Another demonstration of the success of this course, is the remarkable interest shown by the students in becoming TAs for next year’s course. By the end of every single term, we had students approaching us, asking about the possibility of TAing for the course in future editions. Somehow, students with a natural inclination discovered the enchanting realm of scientific computing and seek the opportunity of becoming active participants in the field. As educators, this kind of outcome is just priceless.

5.2. Future Directions

In order to further improve our teaching and student learning experience, we continue to develop new ideas and avenues to facilitate the transfer of knowledge and consolidate the assimilation of basic and foundational concepts. One way we think we can help students digest and familiarize themselves with new or difficult-to-assimilate concepts is the development of customized lecture notes for the course, in addition to the already available slide decks.
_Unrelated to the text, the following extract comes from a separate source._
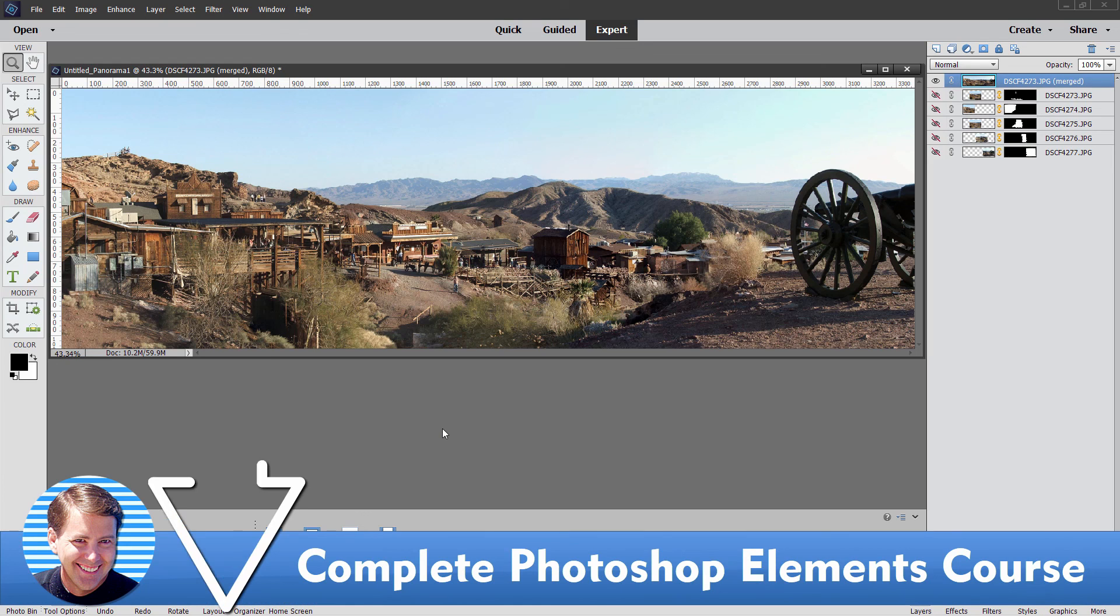And if you want to learn a lot more about how to use Photoshop Elements take a look at my complete training course for Photoshop Elements. There's a link for that right down there in the description. And I'll see you next time.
We have noticed that it is quite challenging to find resources that we can refer the students to for further reading, as on the one hand it is difficult to find references that cover the variety of topics we tackle in this course and with the depth we try to achieve; and on the other hand the wide range and heterogeneity in the students’ backgrounds make it even more challenging.
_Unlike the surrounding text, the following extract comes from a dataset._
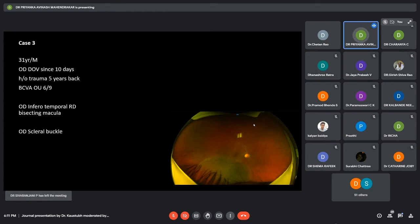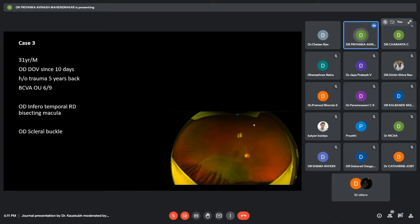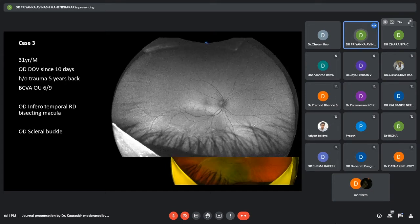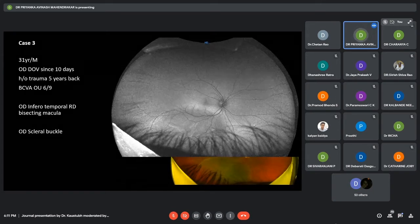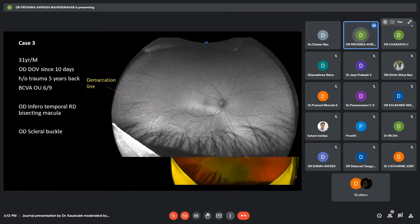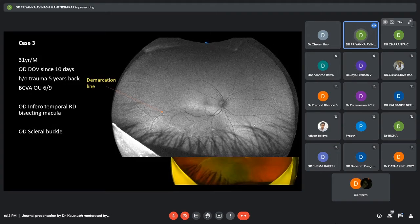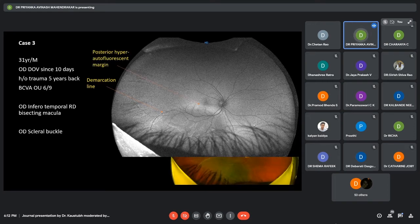The third case, we have a 31-year-old male with diminution of vision in the right eye, which he noticed 10 days back. He had a history of trauma 5 years back with a best corrected visual acuity of 6/9. We can see he has a right inferior temporal retinal detachment bisecting the macula. The autofluorescence imaging again confirmed the same finding. He again had a demarcation line, which suggested that it was a chronic retinal detachment. Also, he had a posterior hyper-autofluorescent margin.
We are also considering implementing an additional evaluation requirement for passing the course, consisting of an online quiz to be carried out by the middle of the semester. The weekly assignments will continue being our main source of evaluation, however we have noticed that students either by a lack of comprehension or not performing the exercises in a mindful way, sometimes miss important concepts. The in-class multiple choice quiz will help us further diagnose difficulties in specific topics/areas and also make the students aware of their own weaknesses. We have implemented similar evaluation procedures for other courses, and we find them easy to implement and evaluate using the online platform atu ([n. d.]) we use for our education website.

6. Conclusions

In this manuscript we described the road we followed in order to create a graduate course aimed for non-traditional scientific computing students. We believe the strategies, partnerships and methodologies we present here can be useful for others to bridge the gap between traditionally computational disciplines and disciplines that are new to computing. Our approach is also different from the traditional standard university courses, but has proven to be successful in reaching and providing new and useful tools to students, scientists and researchers. Furthermore, having the chance to directly interact with students we were able to identify some important concepts that students were missing and diagnose some crucial weaknesses which graduate programs should tackle. Last but not least, providing this type of courses, not only offers benefits to the students learning new skills, but it is also a way to catalyze and push frontiers in new multidisciplinary research fields, instigating in this way collaborations that might not have been possible otherwise.


We want to thank all our colleagues at SciNet, and the many departments that have partnered with us at the University of Toronto: Department of Physics, Department of Physical and Environmental Sciences at UTSc, and the Institute of Medical Science (IMS). Special thanks to the IMS, for allowing us to offer this course, and in particular Prof. Howard Mount, Michelle Rosen, Sarah Topa and all the members in the IMS’ Curriculum Committee, for their confidence and continuous support during these last 3 years of working together. Last but not least we want to recognize and thank our amazing TAs: Ricardo Harripaul, Sejal Patel, Parnian Pardis and Jonas Osmann, for their outstanding work and commitment to the course.